Он раздавил в пепельнице недокуренную сигарету и поднялся, потирая ноющую поясницу, – Брита Моура, надо ей отдать должное, была женщина энергичная. Очень энергичная. Завязав пояс халата, босиком дошлепал по паркету к стулу, на спинке которого висел его пиджак. Вытащил из кармана конверт и пошел в ванную, зажег свет. Мгновение разглядывал в зеркале квадратный подбородок, где за ночь уже проступила щетина, черные растрепанные волосы, упавшие на лоб, серые жесткие глаза с еще расширенными зрачками – Брита часа два назад угостила его кокаином. Во рту было сухо и гадко.

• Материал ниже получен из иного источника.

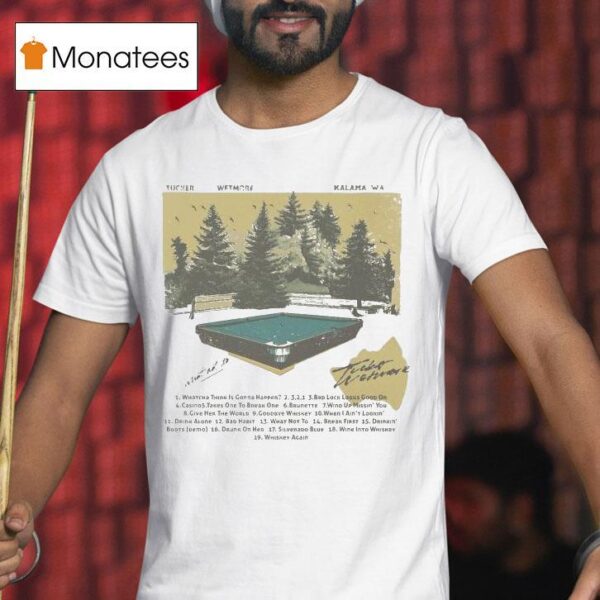 Tucker Wetmore Kalama Washington Billiard T Shirt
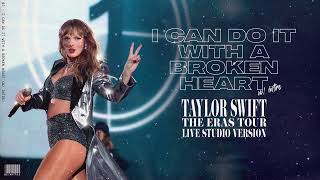 Taylor Swift  I Can Do It With A Broken Heart Live Studio Version with intro [upl. by Eyks915]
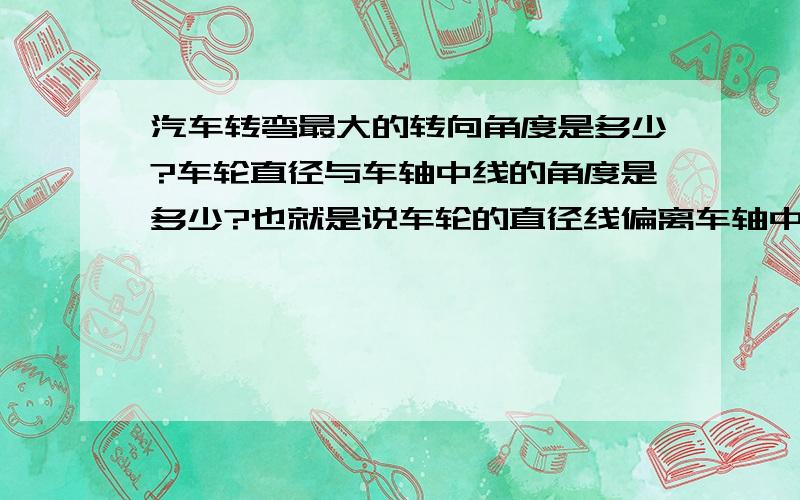 汽车转弯最大的转向角度是多少?车轮直径与车轴中线的角度是多少?也就是说车轮的直径线偏离车轴中线最多多少角度?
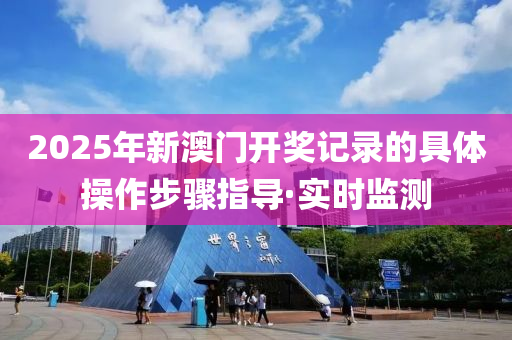 2025年新澳門(mén)開(kāi)獎(jiǎng)記錄的具體操作步驟指導(dǎo)·實(shí)時(shí)監(jiān)測(cè)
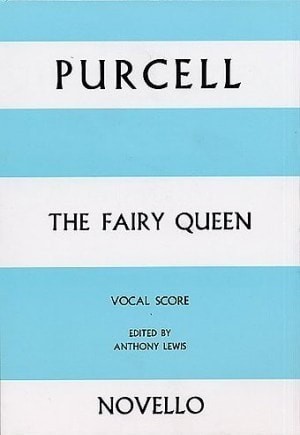 Purcell: The Fairy Queen published by Novello - Vocal Score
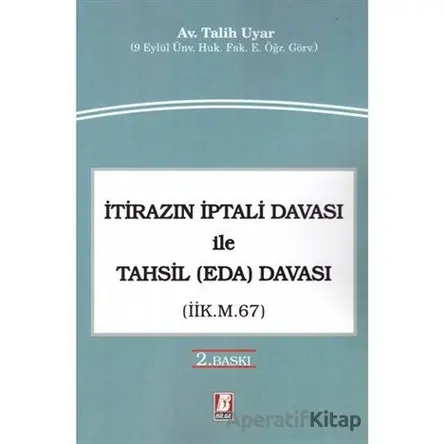 İtirazın İptali Davası ile Tahsil (Eda) Davası (İİK. m. 67) - Talih Uyar - Bilge Yayınevi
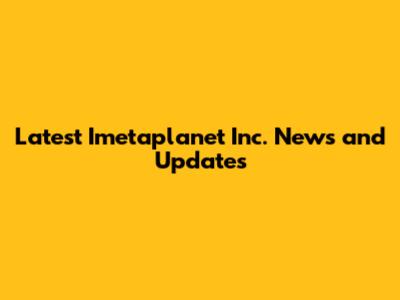 Latest Imetaplanet Inc. News and Updates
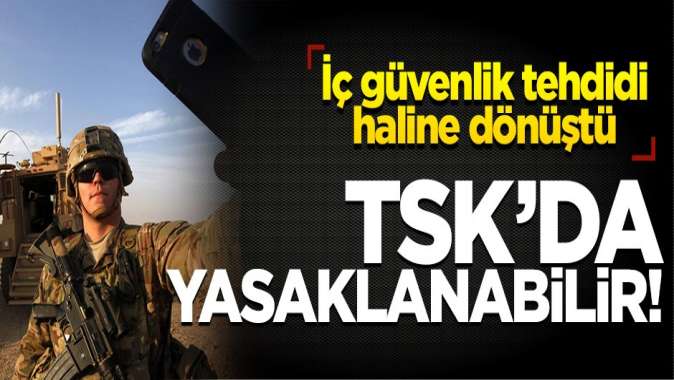 Selfie iç güvenlik tehdidi haline geldi! TSK adım atmalı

Он пустил воду, с жадностью сделал большой глоток и после этого достал из конверта проспект «Норддейчер Ллойд, Бремен». Восьми часов не прошло, как два человека уже поплатились жизнью за этот документ – на первый взгляд такой малозначимый. Довольно долго и очень тщательно Фалько изучал названия судов и расписание маршрутов, но так и не заметил какой-то особой отметки или значка. Потом поднес к носу и понюхал бумагу. Результат исследования вызвал у него улыбку.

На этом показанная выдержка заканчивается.